The driver also performs calibration of kb battery internal resistance to
improve reliability of capacity reporting of keyboard battery. Current value of
internal resistance of the battery is critically important to guess the open
circuit voltage (OCV, voltage when the battery is not under load) of the
battery, which is used to lookup the battery's remaining capacity from a
OCV->capacity lookup table.
The driver optionally provides emergency shutdown when both batteries are
almost discharged.
You can enable and disable the driver's control loop via sysfs
like this:
echo 1 > /sys/devices/platform/keyboard-power/disabled
The driver is still a bit experimental (it has verbose debugging enabled, and
lacks testing in some corner case situations), and will probably be disabled by
default in my final release of my Linux 6.1 branch.

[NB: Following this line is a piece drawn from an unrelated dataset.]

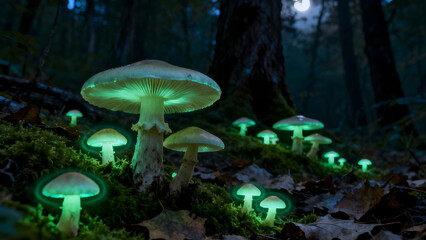 Mushroom cluster glowing faintly with natural bioluminescence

Lots of other smaller things
My Linux 6.1 branch now uses latest mainline keyboard driver from Samuel Holland. I added some patches on
top, to be able to experiment with various xkb settings in userspace. In
particular, it's possible to disable the keyboard part of the driver, and also
the Fn overlay layer (and implement it in userspace instead). All these changes
can be seen in ppkb-6.1 branch.
There was also an issue with power key interrupt handling code on original
Pinephone reported in pinephone chat, where if you released power key while the
kernel was still resuming from sleep, the power key would get stuck in pressed
state, possibly causing some issues to userspace, which is now fixed.
I've also split device tree for pinephone 1.2 and pinephone 1.2b, because
I've not found other way to make magnetometer work on both of these Pinephone
variants. This will likely not work great for distributions using U-Boot and
U-Boot based Pinephone variant autodetection, which is only capable of
determining Braveheart from other Pinephone variants. Detecting what
magnetometer is used and selecting what 1.2 DT variant to use should be
possible though. But it will require some U-Boot patches.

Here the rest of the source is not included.